Proponents of Centering Pregnancy say they don't know why the group setting works so well, but they suspect that women bond over their babies, that peer pressure builds and instead of "my baby," the pregnancy becomes a community concern.

"What we see in many groups is, there's a shift in the behavioral norm," said Sharon Schindler Rising, the nurse midwife who started Centering Pregnancy. "Where the group may have started out with many women in the group drinking a lot of soda, smoking, people decide, hey, that isn't cool to do."

Looking to expand

Most of the women who come to Trover's midwifery practice for prenatal care participate in Centering Pregnancy Smiles. The program doesn't cost more than traditional care, and it's billable to insurance.

Before the clinic adopted the program, Langston and other staffers wondered how it would work -- whether women would feel comfortable talking about personal issues in front of other patients and how they would handle it if one of the women miscarried.

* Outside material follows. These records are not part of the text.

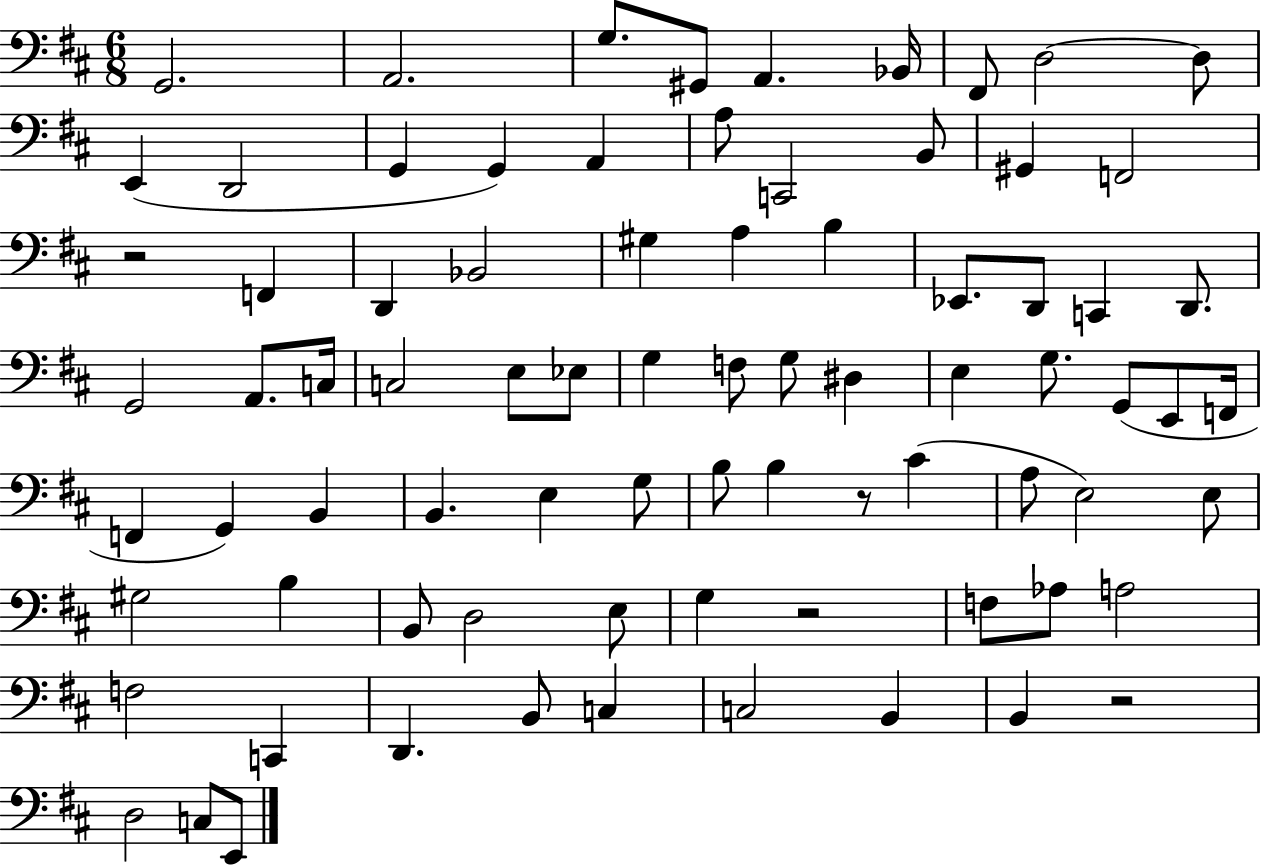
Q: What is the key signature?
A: D major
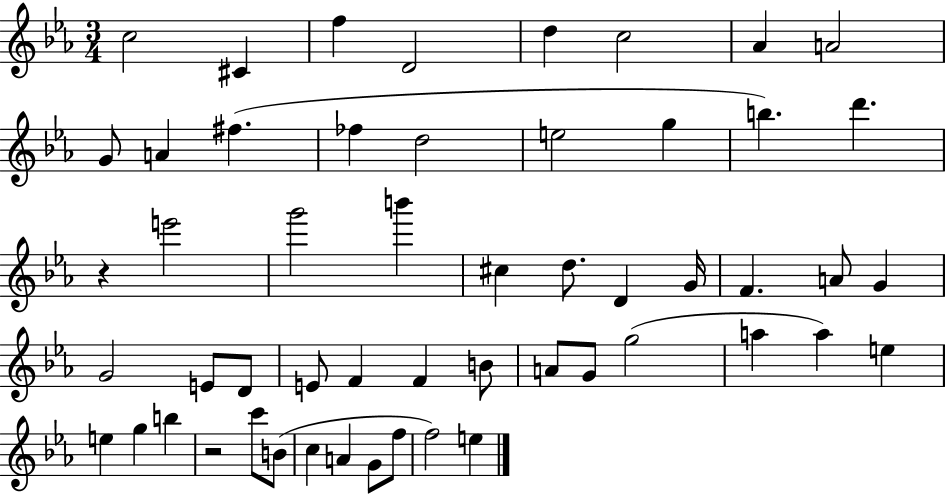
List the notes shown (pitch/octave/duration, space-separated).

C5/h C#4/q F5/q D4/h D5/q C5/h Ab4/q A4/h G4/e A4/q F#5/q. FES5/q D5/h E5/h G5/q B5/q. D6/q. R/q E6/h G6/h B6/q C#5/q D5/e. D4/q G4/s F4/q. A4/e G4/q G4/h E4/e D4/e E4/e F4/q F4/q B4/e A4/e G4/e G5/h A5/q A5/q E5/q E5/q G5/q B5/q R/h C6/e B4/e C5/q A4/q G4/e F5/e F5/h E5/q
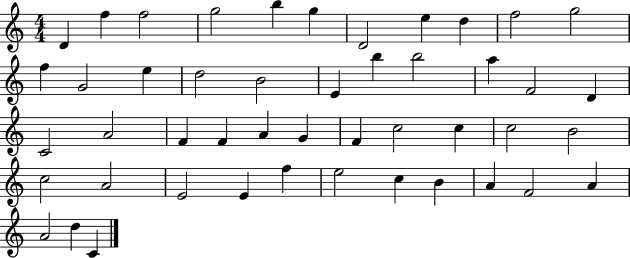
D4/q F5/q F5/h G5/h B5/q G5/q D4/h E5/q D5/q F5/h G5/h F5/q G4/h E5/q D5/h B4/h E4/q B5/q B5/h A5/q F4/h D4/q C4/h A4/h F4/q F4/q A4/q G4/q F4/q C5/h C5/q C5/h B4/h C5/h A4/h E4/h E4/q F5/q E5/h C5/q B4/q A4/q F4/h A4/q A4/h D5/q C4/q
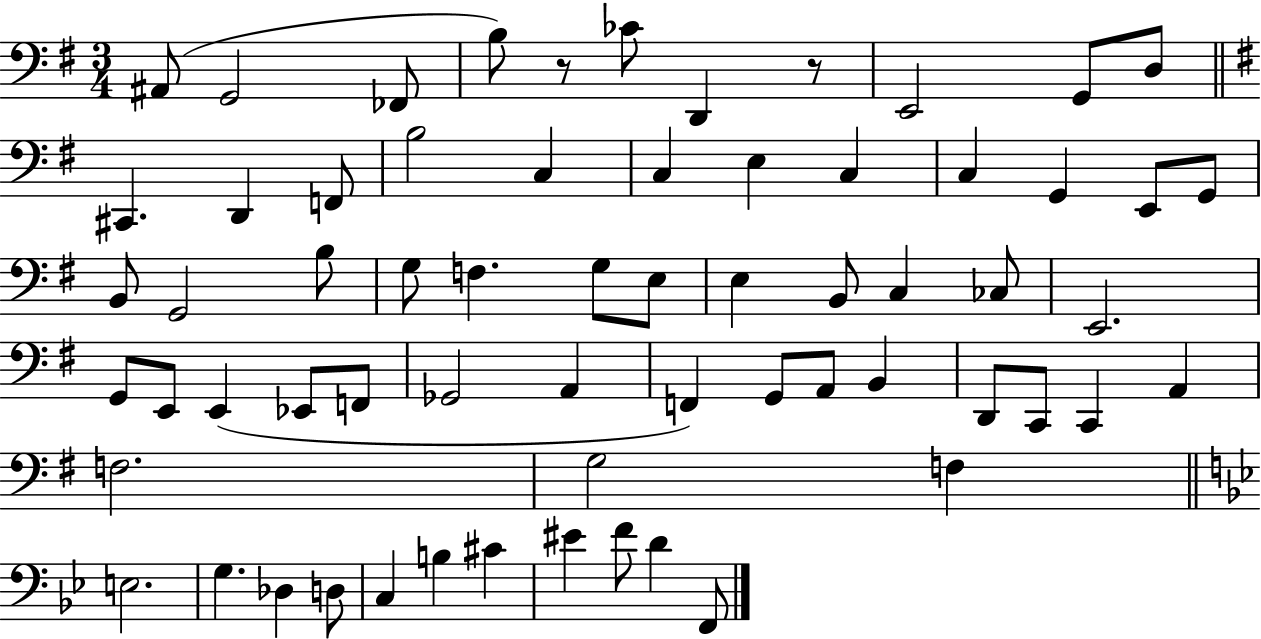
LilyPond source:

{
  \clef bass
  \numericTimeSignature
  \time 3/4
  \key g \major
  ais,8( g,2 fes,8 | b8) r8 ces'8 d,4 r8 | e,2 g,8 d8 | \bar "||" \break \key g \major cis,4. d,4 f,8 | b2 c4 | c4 e4 c4 | c4 g,4 e,8 g,8 | \break b,8 g,2 b8 | g8 f4. g8 e8 | e4 b,8 c4 ces8 | e,2. | \break g,8 e,8 e,4( ees,8 f,8 | ges,2 a,4 | f,4) g,8 a,8 b,4 | d,8 c,8 c,4 a,4 | \break f2. | g2 f4 | \bar "||" \break \key g \minor e2. | g4. des4 d8 | c4 b4 cis'4 | eis'4 f'8 d'4 f,8 | \break \bar "|."
}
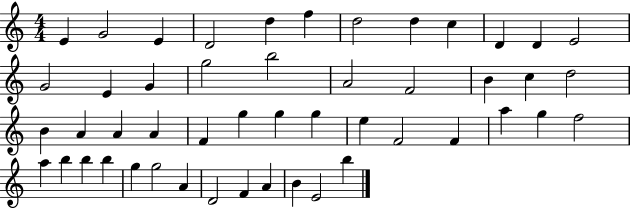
E4/q G4/h E4/q D4/h D5/q F5/q D5/h D5/q C5/q D4/q D4/q E4/h G4/h E4/q G4/q G5/h B5/h A4/h F4/h B4/q C5/q D5/h B4/q A4/q A4/q A4/q F4/q G5/q G5/q G5/q E5/q F4/h F4/q A5/q G5/q F5/h A5/q B5/q B5/q B5/q G5/q G5/h A4/q D4/h F4/q A4/q B4/q E4/h B5/q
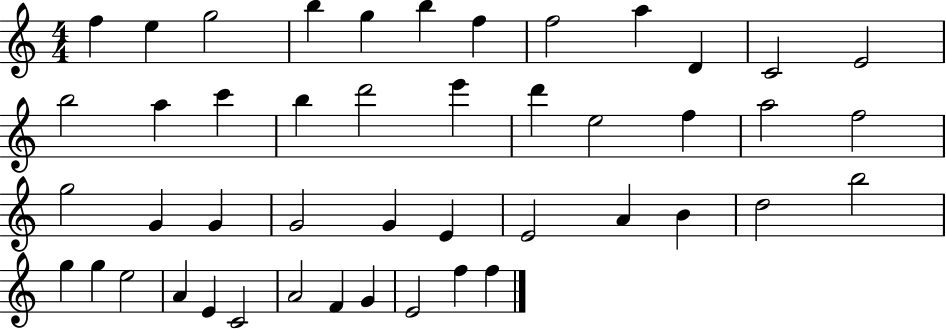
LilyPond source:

{
  \clef treble
  \numericTimeSignature
  \time 4/4
  \key c \major
  f''4 e''4 g''2 | b''4 g''4 b''4 f''4 | f''2 a''4 d'4 | c'2 e'2 | \break b''2 a''4 c'''4 | b''4 d'''2 e'''4 | d'''4 e''2 f''4 | a''2 f''2 | \break g''2 g'4 g'4 | g'2 g'4 e'4 | e'2 a'4 b'4 | d''2 b''2 | \break g''4 g''4 e''2 | a'4 e'4 c'2 | a'2 f'4 g'4 | e'2 f''4 f''4 | \break \bar "|."
}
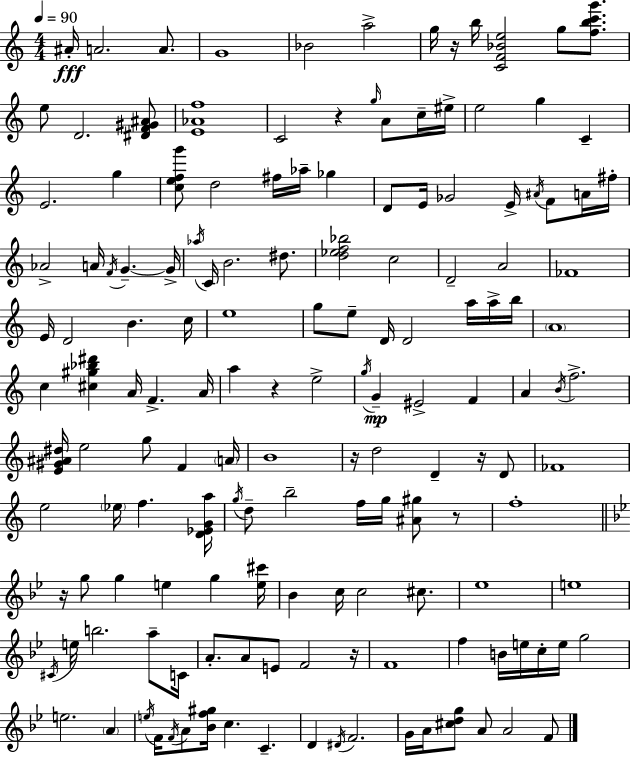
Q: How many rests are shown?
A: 8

But those issues haven't been problems. The nurse midwives like how much time they spend with their patients, getting to know them better than they would in the clinical setting. They are able to ensure that patients who need prenatal education the most get it.

The Trover program, which was started with the help of a $1.5 million earmark from Senate Minority Leader Mitch McConnell, is not the only Centering Pregnancy program in the state. Using the same money, UK started one for Hispanic women at Bluegrass High Risk Obstetrics in Lexington. UK recently added a group for teenage moms at the Polk-Dalton Clinic, formerly known as Kentucky Clinic North in Lexington.

UK might expand its Centering Pregnancy programs in the future, said Dr. Jef Ferguson, an obstetrician at Bluegrass High Risk, but they are moving slowly.

Statewide, several community health care providers are considering adopting the program. UK has another earmark from McConnell, this time for almost $500,000, to start the programs.

Centering Pregnancy might not be for every woman, Ferguson said. Some women prefer to take prenatal education classes on their own or read books instead of having longer prenatal appointments.

But for Yashira Rodriguez, 27, meeting other expectant mothers in the Centering Pregnancy program in Madisonville last summer was comforting. Her daughter, Leila Baker, was born in September. It was her third pregnancy, but her first time with Centering.

"I actually enjoyed my pregnancy more this time," Rodriguez said. "I didn't feel like I was going through it by myself."